A government housing programme has proved more successful at demolishing properties than building new ones, according to a new report.

The House of Commons Public Accounts Committee has accused the Pathfinder scheme of threatening the historical character of some local areas.

Pathfinder was launched in 2002 to revive the housing market in depressed areas of England.

A government spokesman said it had made "a huge difference" to communities.

Pathfinder was created because economic decline and lack of investment had left thousands of dilapidated homes almost impossible to sell or let - resulting in entire streets of empty properties.

More than £2bn has been invested, either renovating homes to attract new buyers or demolishing and rebuilding.

Pathfinder projects were set up in Newcastle and Gateshead; Hull and East Yorkshire; South Yorkshire; Birmingham; North Staffordshire; Manchester; Merseyside; Oldham and Rochdale; and East Lancashire.

The schemes refurbished 40,000 properties and demolished 10,000, building 1,000 new homes, the report found.

But MP said where houses have been knocked down - sometimes against the wishes of local people - not enough have been rebuilt.

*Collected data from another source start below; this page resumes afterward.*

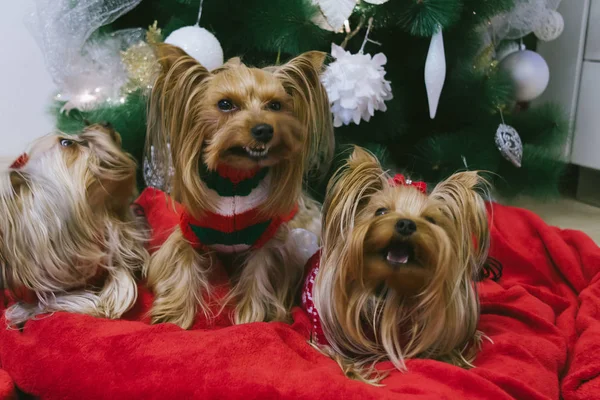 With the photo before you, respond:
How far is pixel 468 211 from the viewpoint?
125 centimetres

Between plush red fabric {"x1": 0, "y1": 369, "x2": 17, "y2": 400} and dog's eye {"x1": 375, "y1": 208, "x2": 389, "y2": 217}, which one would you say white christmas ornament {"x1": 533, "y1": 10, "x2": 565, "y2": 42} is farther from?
plush red fabric {"x1": 0, "y1": 369, "x2": 17, "y2": 400}

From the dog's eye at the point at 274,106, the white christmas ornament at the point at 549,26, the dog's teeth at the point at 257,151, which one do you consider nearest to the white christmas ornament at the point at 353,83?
the dog's eye at the point at 274,106

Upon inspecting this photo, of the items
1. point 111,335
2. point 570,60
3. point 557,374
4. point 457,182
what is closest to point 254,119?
point 457,182

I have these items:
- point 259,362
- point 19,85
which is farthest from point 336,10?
point 19,85

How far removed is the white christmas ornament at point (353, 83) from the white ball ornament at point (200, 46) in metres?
0.36

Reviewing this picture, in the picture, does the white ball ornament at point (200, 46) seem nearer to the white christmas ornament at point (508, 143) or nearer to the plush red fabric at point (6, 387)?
the plush red fabric at point (6, 387)

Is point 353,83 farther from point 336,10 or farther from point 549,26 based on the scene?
point 549,26

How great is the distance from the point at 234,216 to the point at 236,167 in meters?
0.17

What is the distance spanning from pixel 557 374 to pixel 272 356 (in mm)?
707

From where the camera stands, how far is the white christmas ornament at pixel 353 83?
1830 mm

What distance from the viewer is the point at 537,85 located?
2.46 metres

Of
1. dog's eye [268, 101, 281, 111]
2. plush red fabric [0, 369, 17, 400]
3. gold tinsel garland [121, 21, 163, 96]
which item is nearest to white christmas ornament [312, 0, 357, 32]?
dog's eye [268, 101, 281, 111]

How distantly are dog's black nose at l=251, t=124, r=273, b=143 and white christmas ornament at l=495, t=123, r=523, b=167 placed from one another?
131 centimetres

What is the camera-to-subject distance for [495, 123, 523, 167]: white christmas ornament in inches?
89.0
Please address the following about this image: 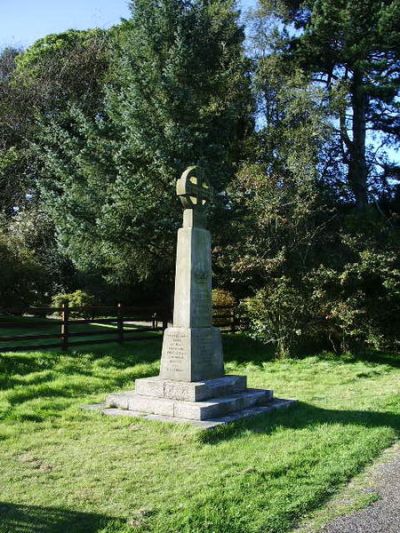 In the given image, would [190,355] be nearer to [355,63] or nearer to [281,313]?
[281,313]

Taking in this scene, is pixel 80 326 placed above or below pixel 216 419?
above

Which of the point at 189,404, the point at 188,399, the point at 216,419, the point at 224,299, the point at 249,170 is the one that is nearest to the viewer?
the point at 216,419

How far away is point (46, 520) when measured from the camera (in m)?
4.80

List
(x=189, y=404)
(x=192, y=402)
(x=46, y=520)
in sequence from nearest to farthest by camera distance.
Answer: (x=46, y=520)
(x=189, y=404)
(x=192, y=402)

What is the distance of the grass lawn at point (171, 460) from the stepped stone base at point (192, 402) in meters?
0.36

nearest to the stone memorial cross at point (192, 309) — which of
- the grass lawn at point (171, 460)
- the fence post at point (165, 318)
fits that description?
the grass lawn at point (171, 460)

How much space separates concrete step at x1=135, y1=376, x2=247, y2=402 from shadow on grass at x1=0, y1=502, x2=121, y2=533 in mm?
3795

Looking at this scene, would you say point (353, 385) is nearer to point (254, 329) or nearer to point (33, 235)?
point (254, 329)

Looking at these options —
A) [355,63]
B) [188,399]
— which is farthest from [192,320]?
[355,63]

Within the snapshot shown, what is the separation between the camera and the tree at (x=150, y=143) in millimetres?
18375

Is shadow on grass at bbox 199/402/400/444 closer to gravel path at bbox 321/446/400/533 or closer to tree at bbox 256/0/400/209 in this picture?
gravel path at bbox 321/446/400/533

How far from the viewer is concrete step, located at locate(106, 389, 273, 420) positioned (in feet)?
27.0

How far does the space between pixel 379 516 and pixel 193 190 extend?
6.24 meters

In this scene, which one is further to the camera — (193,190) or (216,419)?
(193,190) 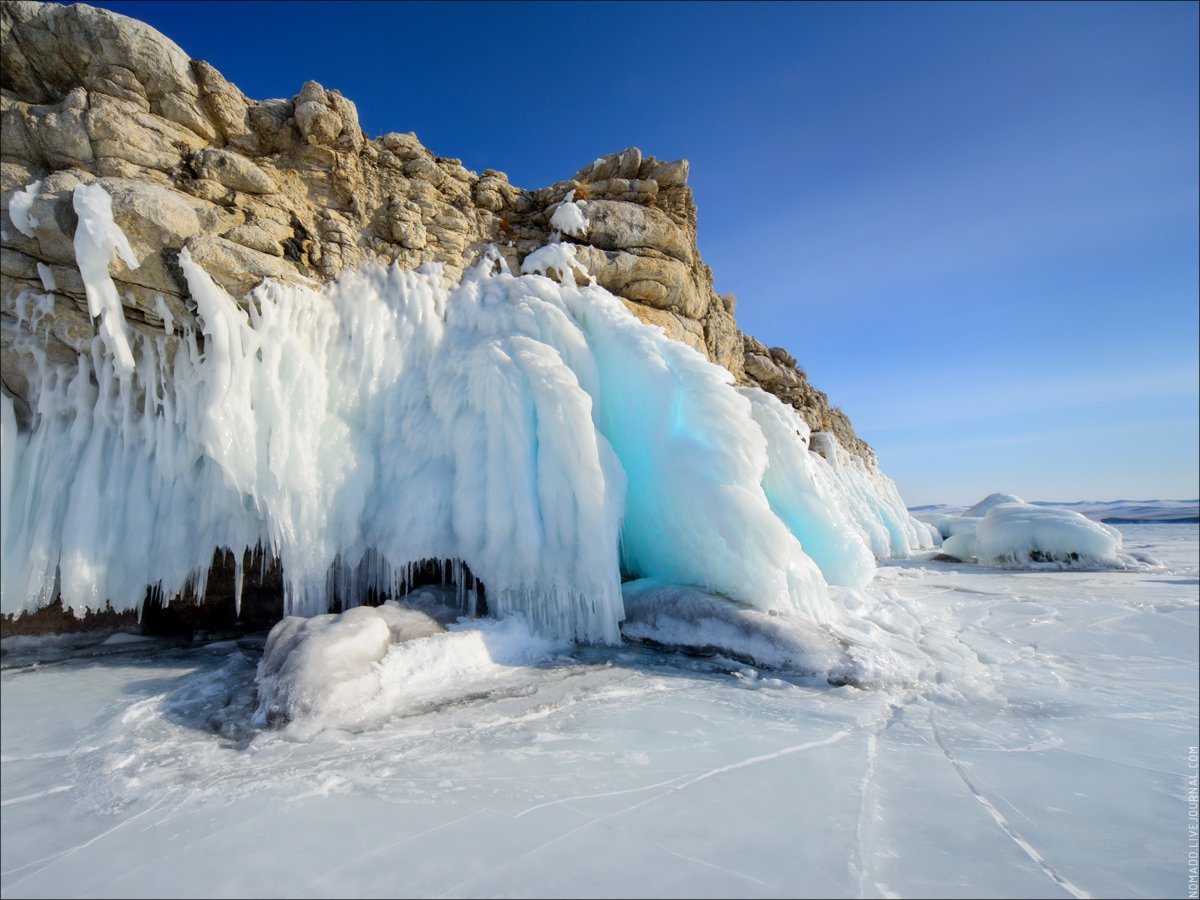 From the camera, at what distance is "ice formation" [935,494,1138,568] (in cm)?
1247

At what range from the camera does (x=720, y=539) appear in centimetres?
597

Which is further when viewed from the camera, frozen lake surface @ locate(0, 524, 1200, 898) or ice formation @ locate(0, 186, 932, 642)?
ice formation @ locate(0, 186, 932, 642)

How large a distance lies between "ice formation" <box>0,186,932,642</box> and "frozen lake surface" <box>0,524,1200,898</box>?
52.0 inches

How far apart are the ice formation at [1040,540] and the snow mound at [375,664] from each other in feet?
44.1

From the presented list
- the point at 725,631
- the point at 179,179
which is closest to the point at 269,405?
the point at 179,179

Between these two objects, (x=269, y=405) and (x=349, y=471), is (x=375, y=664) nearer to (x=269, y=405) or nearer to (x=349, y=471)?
(x=349, y=471)

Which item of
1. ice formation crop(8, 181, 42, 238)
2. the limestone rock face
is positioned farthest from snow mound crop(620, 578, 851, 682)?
ice formation crop(8, 181, 42, 238)

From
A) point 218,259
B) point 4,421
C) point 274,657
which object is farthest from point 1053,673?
point 4,421

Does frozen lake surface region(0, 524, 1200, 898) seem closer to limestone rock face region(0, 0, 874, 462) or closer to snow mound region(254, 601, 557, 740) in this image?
snow mound region(254, 601, 557, 740)

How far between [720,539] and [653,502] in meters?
1.11

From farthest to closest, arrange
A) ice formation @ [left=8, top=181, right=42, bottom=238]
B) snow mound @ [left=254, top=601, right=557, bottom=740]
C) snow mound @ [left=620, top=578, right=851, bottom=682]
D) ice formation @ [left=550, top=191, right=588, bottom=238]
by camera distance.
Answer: ice formation @ [left=550, top=191, right=588, bottom=238]
ice formation @ [left=8, top=181, right=42, bottom=238]
snow mound @ [left=620, top=578, right=851, bottom=682]
snow mound @ [left=254, top=601, right=557, bottom=740]

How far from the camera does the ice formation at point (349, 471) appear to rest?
5836 millimetres

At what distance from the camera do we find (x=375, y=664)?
4328 mm

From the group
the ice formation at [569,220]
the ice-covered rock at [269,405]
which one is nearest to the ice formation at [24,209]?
the ice-covered rock at [269,405]
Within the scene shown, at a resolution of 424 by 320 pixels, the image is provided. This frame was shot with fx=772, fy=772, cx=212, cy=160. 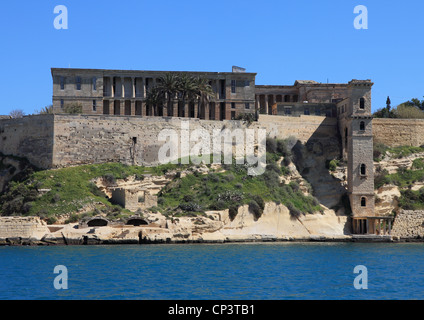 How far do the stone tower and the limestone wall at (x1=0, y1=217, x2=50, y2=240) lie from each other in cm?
2415

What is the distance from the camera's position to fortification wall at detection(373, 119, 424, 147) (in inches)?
2606

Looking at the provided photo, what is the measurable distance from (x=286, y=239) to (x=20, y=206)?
18.7 meters

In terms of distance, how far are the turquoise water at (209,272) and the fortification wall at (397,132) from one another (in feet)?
55.9

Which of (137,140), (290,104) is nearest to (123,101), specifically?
(137,140)

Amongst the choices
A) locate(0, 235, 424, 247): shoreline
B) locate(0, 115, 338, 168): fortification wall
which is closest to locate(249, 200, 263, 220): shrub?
locate(0, 235, 424, 247): shoreline

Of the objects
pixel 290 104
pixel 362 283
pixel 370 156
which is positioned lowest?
pixel 362 283

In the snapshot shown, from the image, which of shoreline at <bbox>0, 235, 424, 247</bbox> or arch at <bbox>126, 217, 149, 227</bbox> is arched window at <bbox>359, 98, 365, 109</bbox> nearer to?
shoreline at <bbox>0, 235, 424, 247</bbox>

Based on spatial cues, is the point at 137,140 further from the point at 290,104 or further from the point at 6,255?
the point at 6,255

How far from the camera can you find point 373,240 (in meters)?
58.0

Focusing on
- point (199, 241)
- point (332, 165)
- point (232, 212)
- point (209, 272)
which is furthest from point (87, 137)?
point (209, 272)

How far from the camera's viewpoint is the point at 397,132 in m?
66.5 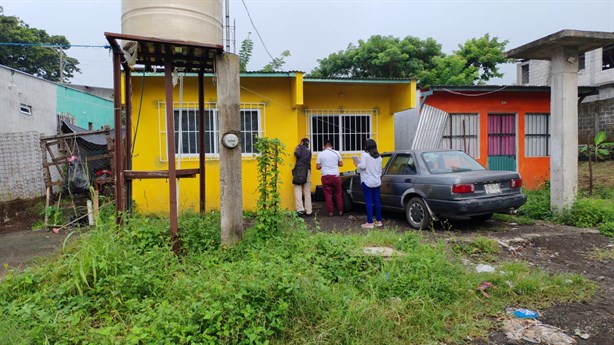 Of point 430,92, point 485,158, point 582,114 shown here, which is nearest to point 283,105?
point 430,92

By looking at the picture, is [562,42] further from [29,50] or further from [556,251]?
[29,50]

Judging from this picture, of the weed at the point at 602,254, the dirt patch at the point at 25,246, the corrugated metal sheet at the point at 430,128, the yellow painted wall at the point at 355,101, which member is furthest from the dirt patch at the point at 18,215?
the weed at the point at 602,254

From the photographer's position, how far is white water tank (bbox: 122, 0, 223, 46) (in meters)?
4.52

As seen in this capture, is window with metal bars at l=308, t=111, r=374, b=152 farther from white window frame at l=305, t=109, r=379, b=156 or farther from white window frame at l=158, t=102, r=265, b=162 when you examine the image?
white window frame at l=158, t=102, r=265, b=162

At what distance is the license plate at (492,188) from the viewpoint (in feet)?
21.6

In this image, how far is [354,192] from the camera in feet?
28.1

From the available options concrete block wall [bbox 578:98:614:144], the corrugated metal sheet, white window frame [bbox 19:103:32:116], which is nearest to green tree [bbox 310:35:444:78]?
concrete block wall [bbox 578:98:614:144]

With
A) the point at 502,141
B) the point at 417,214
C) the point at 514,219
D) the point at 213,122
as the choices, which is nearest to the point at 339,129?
the point at 213,122

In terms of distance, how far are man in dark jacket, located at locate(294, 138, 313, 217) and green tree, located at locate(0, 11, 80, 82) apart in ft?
65.5

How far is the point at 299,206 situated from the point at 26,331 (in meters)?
5.85

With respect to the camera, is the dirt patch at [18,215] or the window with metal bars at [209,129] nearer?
the dirt patch at [18,215]

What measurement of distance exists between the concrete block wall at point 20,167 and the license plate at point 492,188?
992 cm

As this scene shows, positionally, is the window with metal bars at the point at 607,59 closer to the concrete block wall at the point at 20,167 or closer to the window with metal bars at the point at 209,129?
the window with metal bars at the point at 209,129

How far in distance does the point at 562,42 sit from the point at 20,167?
1189cm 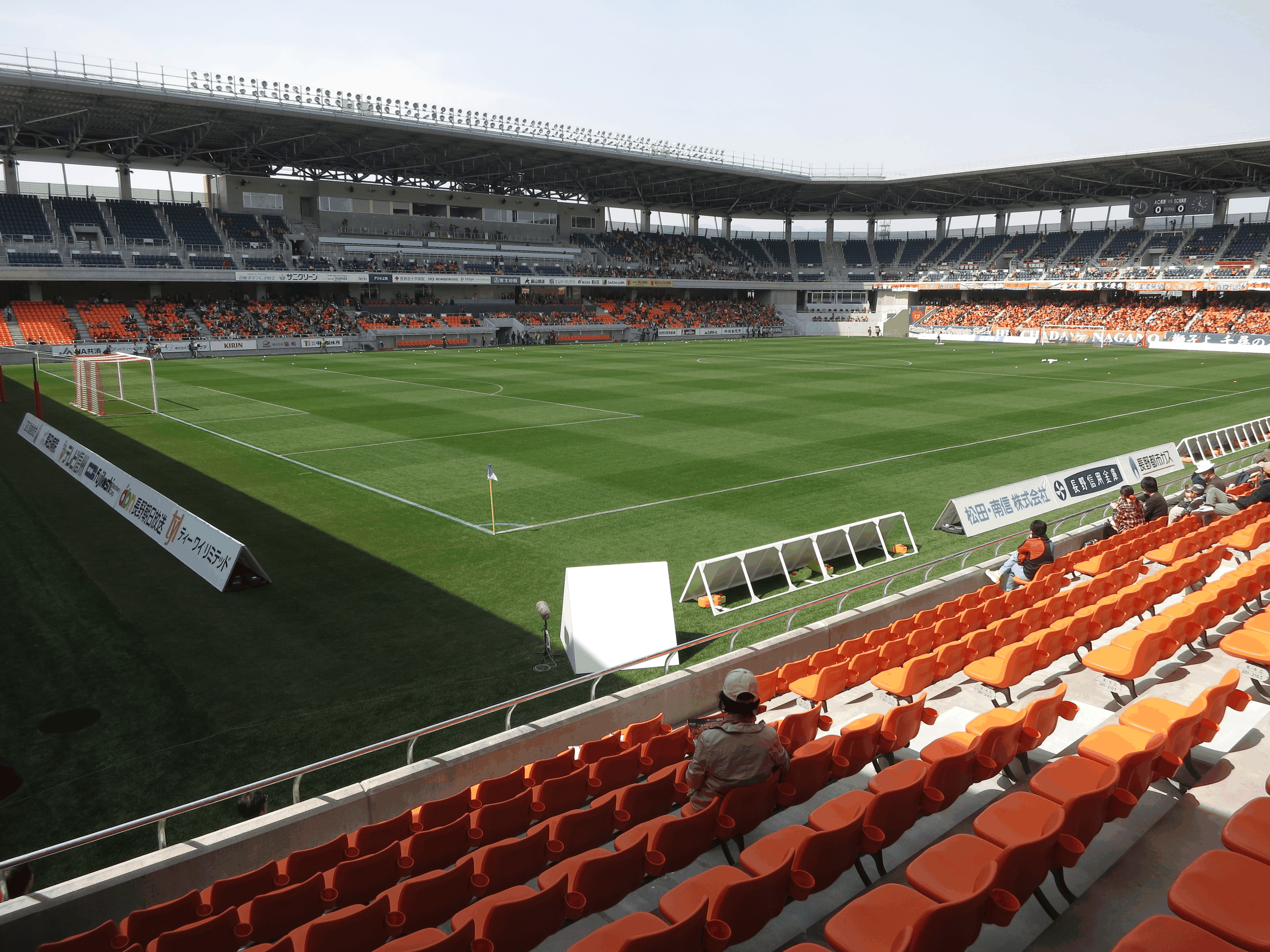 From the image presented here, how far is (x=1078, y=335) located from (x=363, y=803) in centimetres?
7655

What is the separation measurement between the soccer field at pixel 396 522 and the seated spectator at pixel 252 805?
1057 mm

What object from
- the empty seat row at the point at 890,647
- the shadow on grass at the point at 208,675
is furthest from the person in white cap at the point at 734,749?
the shadow on grass at the point at 208,675

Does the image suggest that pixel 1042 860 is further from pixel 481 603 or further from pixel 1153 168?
pixel 1153 168

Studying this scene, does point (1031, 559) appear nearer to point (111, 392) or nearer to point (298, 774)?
point (298, 774)

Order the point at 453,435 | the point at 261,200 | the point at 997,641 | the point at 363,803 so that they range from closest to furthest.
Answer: the point at 363,803, the point at 997,641, the point at 453,435, the point at 261,200

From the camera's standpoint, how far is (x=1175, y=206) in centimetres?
7269

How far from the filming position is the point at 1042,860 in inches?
168

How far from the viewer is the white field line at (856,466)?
57.4 ft

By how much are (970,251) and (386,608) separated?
9397 cm

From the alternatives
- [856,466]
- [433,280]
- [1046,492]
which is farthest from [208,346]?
[1046,492]

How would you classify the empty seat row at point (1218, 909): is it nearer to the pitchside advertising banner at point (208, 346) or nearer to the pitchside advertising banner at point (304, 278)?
the pitchside advertising banner at point (208, 346)

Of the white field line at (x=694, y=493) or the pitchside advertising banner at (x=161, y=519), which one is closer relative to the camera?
the pitchside advertising banner at (x=161, y=519)

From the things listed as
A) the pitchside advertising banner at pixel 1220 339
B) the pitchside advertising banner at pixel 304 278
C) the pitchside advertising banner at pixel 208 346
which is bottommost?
the pitchside advertising banner at pixel 1220 339

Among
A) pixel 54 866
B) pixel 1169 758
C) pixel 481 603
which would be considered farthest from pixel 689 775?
pixel 481 603
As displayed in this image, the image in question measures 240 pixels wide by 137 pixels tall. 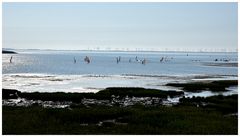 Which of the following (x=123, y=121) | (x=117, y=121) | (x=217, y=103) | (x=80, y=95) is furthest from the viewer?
(x=80, y=95)

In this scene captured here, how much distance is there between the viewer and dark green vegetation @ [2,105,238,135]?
2089 centimetres

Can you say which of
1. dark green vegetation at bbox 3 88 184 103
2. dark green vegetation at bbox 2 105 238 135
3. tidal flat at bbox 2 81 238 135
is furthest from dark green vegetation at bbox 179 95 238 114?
dark green vegetation at bbox 3 88 184 103

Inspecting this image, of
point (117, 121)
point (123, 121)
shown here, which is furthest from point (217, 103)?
point (117, 121)

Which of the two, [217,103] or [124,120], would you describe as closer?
[124,120]

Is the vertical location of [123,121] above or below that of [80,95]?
below

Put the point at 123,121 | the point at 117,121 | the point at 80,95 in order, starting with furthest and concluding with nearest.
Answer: the point at 80,95, the point at 117,121, the point at 123,121

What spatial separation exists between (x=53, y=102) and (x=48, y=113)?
353 inches

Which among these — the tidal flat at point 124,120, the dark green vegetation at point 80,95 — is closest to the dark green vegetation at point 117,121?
the tidal flat at point 124,120

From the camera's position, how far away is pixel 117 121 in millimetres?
24516

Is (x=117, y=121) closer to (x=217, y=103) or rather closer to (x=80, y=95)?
(x=217, y=103)

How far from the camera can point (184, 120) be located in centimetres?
2370

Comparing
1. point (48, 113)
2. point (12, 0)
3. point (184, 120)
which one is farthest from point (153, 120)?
point (12, 0)

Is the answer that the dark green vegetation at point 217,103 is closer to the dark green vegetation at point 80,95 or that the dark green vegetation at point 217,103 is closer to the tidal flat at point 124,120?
the tidal flat at point 124,120

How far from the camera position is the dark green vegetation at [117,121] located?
68.5ft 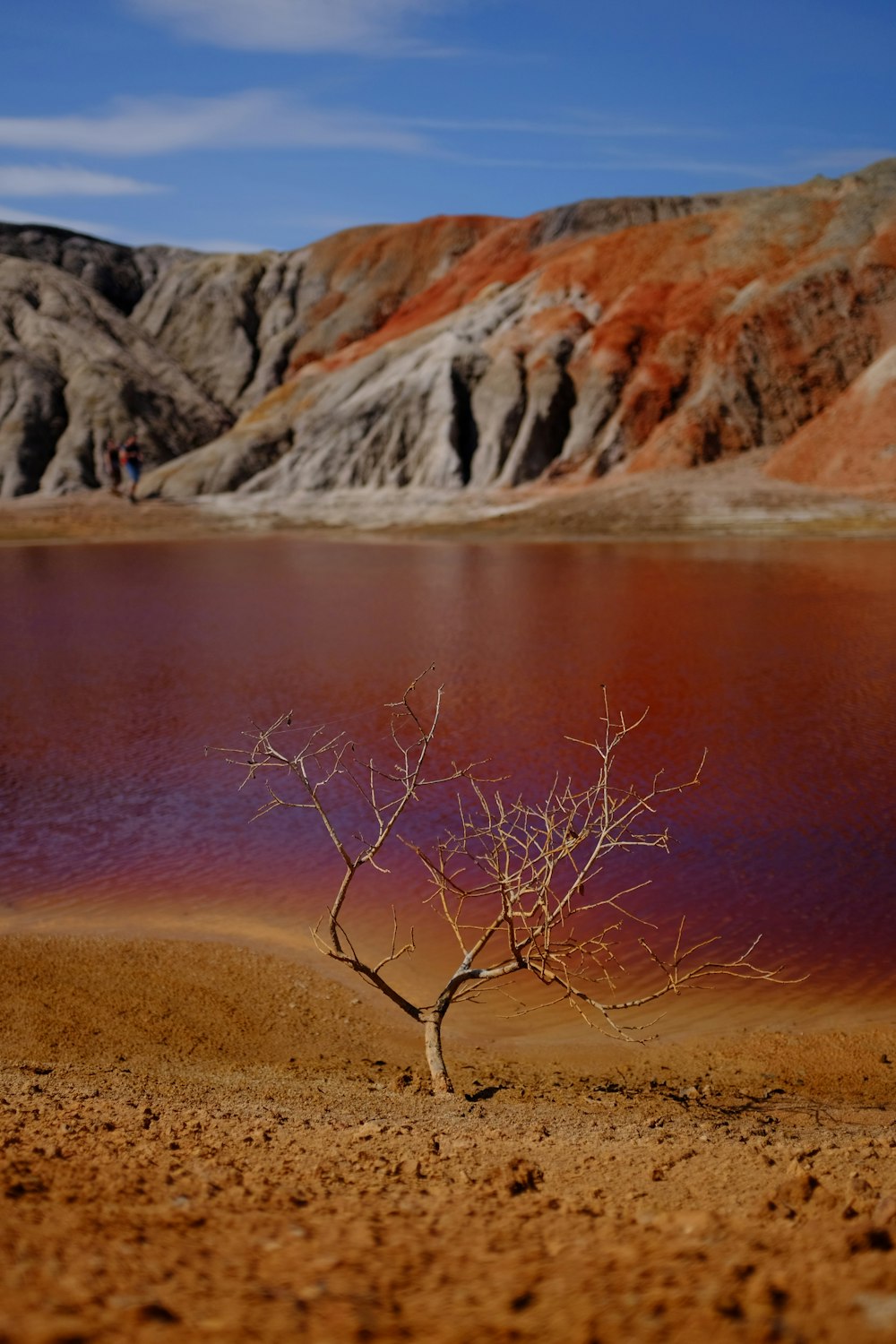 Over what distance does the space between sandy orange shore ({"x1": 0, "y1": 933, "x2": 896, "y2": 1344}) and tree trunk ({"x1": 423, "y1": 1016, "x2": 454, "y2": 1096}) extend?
0.22 metres

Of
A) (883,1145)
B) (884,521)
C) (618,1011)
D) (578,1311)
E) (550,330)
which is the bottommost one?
(618,1011)

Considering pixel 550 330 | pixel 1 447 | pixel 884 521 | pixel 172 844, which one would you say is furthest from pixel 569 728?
pixel 1 447

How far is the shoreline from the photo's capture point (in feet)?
154

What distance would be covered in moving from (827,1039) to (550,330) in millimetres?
60057

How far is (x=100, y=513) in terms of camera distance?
64.0 m

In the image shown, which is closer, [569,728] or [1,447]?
[569,728]

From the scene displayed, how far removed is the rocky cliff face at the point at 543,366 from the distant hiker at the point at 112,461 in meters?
1.37

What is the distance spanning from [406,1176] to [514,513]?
50.6 meters

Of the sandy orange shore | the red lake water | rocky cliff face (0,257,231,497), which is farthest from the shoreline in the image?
the sandy orange shore

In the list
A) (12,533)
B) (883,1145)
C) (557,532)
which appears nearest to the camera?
(883,1145)

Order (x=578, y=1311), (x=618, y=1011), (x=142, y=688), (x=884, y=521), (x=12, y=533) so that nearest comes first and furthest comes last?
(x=578, y=1311) < (x=618, y=1011) < (x=142, y=688) < (x=884, y=521) < (x=12, y=533)

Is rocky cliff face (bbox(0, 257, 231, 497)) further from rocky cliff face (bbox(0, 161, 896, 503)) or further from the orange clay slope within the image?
the orange clay slope

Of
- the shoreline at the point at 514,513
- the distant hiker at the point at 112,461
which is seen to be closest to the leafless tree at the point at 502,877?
the shoreline at the point at 514,513

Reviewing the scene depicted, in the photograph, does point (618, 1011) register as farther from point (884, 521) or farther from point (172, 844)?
point (884, 521) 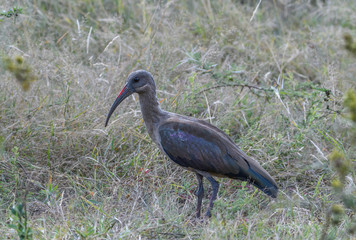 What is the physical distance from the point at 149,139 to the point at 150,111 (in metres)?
0.51

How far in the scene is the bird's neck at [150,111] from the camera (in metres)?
4.54

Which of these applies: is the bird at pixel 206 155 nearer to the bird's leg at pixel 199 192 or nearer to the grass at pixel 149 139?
the bird's leg at pixel 199 192

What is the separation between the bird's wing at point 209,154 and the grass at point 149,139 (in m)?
0.16

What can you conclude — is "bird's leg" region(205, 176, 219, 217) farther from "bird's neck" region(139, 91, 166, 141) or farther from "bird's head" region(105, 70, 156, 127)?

The committee also claims waiting lists for affordable accommodation in some areas have doubled.

Committee chairman Edward Leigh said the programme had been "more successful at demolishing old homes than at building new ones".

He added: "The Department for Communities and Local Government must work to foster confidence among local residents, especially where the programme has led to community stress.

"It does not help where demolition plans threaten the distinctive historical character of neighbourhoods.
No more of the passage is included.